I've spent most of the past week here at Struan Farm head down bum up in the Homestead gardens. It's time for the big spring clean and then some.
John has decided a major redo of the Homestead gardens is in order, pronouncing that they weren't looking "homely" any more. For non-kiwis reading this I should translate, this means not "home-y" (vs. ugly). I guess we've had a disconnect on this, since as the gardener I'd thought "we" were trying to make them lower maintenance in our later middle age, focusing "our" efforts on getting the new gardens at the newish house established and looking good.

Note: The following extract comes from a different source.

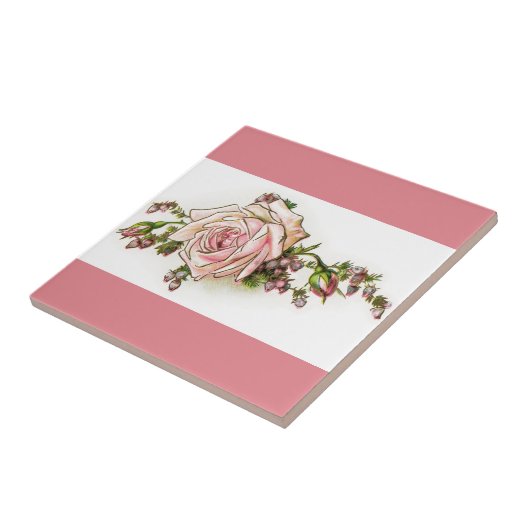 Viktorianische rosa Rose und Fliese (Seite)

My problem seems to be that the new gardens are now looking so good that John wants essentially the same thing at the Homestead. And since the Homestead is the house he grew up in, it seems he still wants it looking like a home. His home. With serious flower gardens like Mum and Dad planted once again. A garden of national significance without the associated work force, you get the idea. So I've spent time this week digging things out and planning for more flowers. It's a bit late in the season for all this but I'm onto it. A large, too old camellia has been chopped down, and John is busy redesigning several gardens and paths and taking down a trellis. Relatively major work.

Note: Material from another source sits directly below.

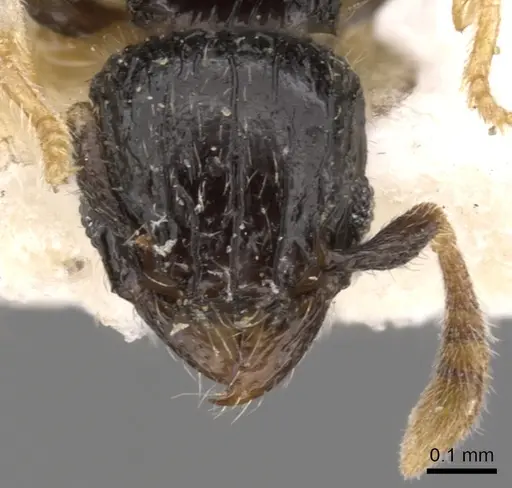 Tetramorium antrema specimen CASENT0901143 image casent0901143_3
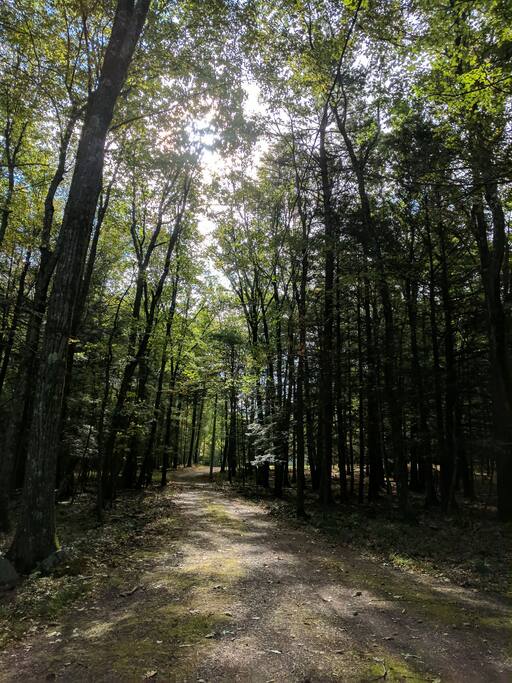 looking back down the driveway to where you came from... though right in the middle of the rural community, you very quickly feel you've gotten away from the world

I've also been directed to get the bluebells under control. I hadn't touched any bluebells in the gardens, since along with blue hydrangea they were John's mum's favourites. Awhile ago I went on the record that they had the potential to be weed-like. Now they've spread everywhere.
My week has been spent digging out hundreds of bluebells. Hundreds and hundreds. Some will grow back, they're like onion weed and violets, you can't get them all but rather need to stay on it from one year to the next. We're leaving the bluebell dell in the roadside wooded garden, but that will also get a clean up to some extent once the spring bulbs have finished their show. Especially where they've tried to bully the tulips. We don't mind bluebells there, provided they behave themselves.
Not sure I will win the battle with the bluebells, but I do know that I can honour that request for the home gardens to be "homely" again. Even as I fret about my ability to manage it all.